GPT-4 will be integrated into Microsoft services, including Bing

In February, Microsoft integrated a modified version of GPT-3.5 into Bing, its search engine that for years has been laughingly behind Google. Not anymore, though. Microsoft has invested over $10 billion in OpenAI, which highlights how serious it is about the coming generative AI revolution and in going after Google. In response, Google made a clumsy release announcement for its own AI-powered search engine called Bard, which at the moment looks underwhelming, to say the least.

GPT-4 can only answer questions about non-fiction events and people that it has information on until September 2021. But Bing will start using GPT-4 which has access to the open web, thereby enabling it to answer questions about events happening almost in real-time, as soon as they are reported across the internet.

In addition, GPT-4 is now available through the app’s API, which enables select 3rd parties to access the AI engine in their products. Duolingo the language app is using GPT-4 to deepen conversations with users looking to learn a new language. Similarly, Khan Academy integrated the new GPT to offer personalized, one-on-one tutoring to students for math, computer science, and a range of other disciplines available on their platform.

The image prompt feature is currently available to only one outside partner. Be My Eyes, a free app that connects blind and low-vision people with sighted volunteers, integrated GPT-4 with its Virtual Volunteer.
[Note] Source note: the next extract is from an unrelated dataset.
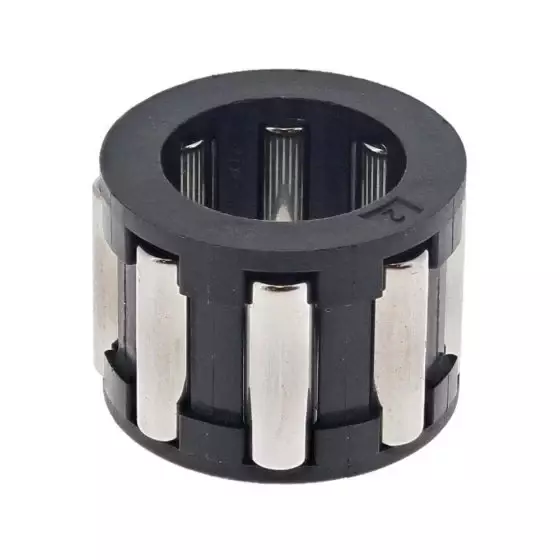 STIHL kytkinrummun neulalaakeri 10x16x12 - Moottorisahat - 95129332380 - 1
“For example, if a user sends a picture of the inside of their refrigerator, the Virtual Volunteer will not only be able to correctly identify what’s in it, but also extrapolate and analyze what can be prepared with those ingredients. The tool can also then offer a number of recipes for those ingredients and send a step-by-step guide on how to make them,” says Be My Eyes in a blog post explaining this feature.
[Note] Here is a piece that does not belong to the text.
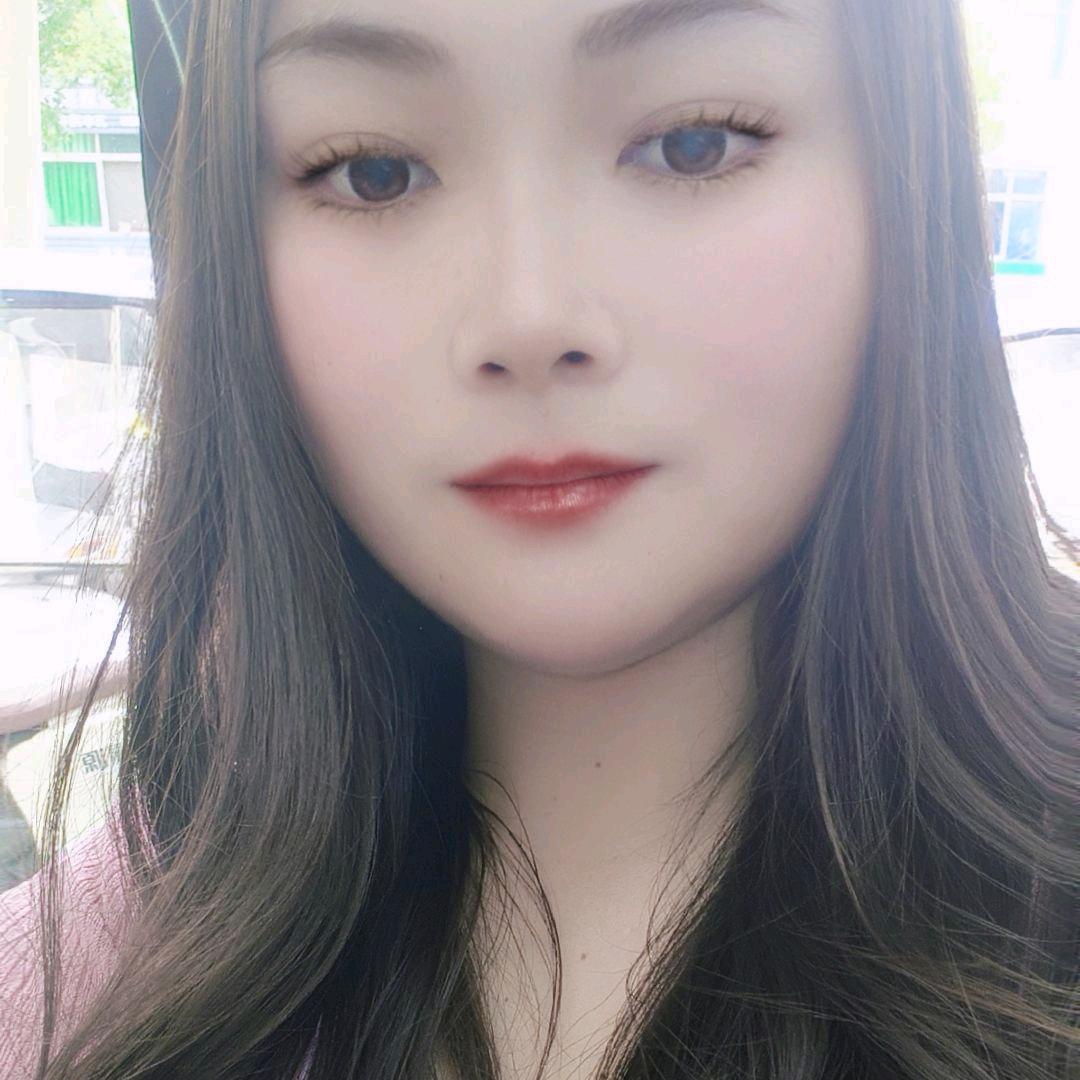 🍎🍎🍎小财迷🍇🍒🍑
However, these features are pricy to have. OpenAI charges $0.03 per 1,000 “prompt” tokens, which is about 750 words. The image processing pricing has not been made public yet.

GPT-4 is still not perfect though

ChatGPT is as famous for its convincing, sometimes hilarious lies and hallucinations as it is for its phenomenal ability to synthesize information and drive human-like conversations. The good news is that GPT-4 is much more accurate and factual.

“We spent 6 months making GPT-4 safer and more aligned. GPT-4 is 82% less likely to respond to requests for disallowed content and 40% more likely to produce factual responses than GPT-3.5 on our internal evaluations,” OpenAI said.

“In a casual conversation, the distinction between GPT-3.5 and GPT-4 can be subtle,” OpenAI wrote in a blog post announcing GPT-4. “The difference comes out when the complexity of the task reaches a sufficient threshold — GPT-4 is more reliable, creative and able to handle much more nuanced instructions than GPT-3.5.”

However, while it’s 40% more likely to deliver factual information, this doesn’t mean that it won’t continue to make mistakes, something that OpenAI acknowledges. This means that ChatGPT should be used with extreme caution, especially in high-stakes situations such as for outputting content for your job presentation.

Nevertheless, GPt-4 marks yet another huge milestone in the ongoing AI revolution that is set to transform our lives in more than one way.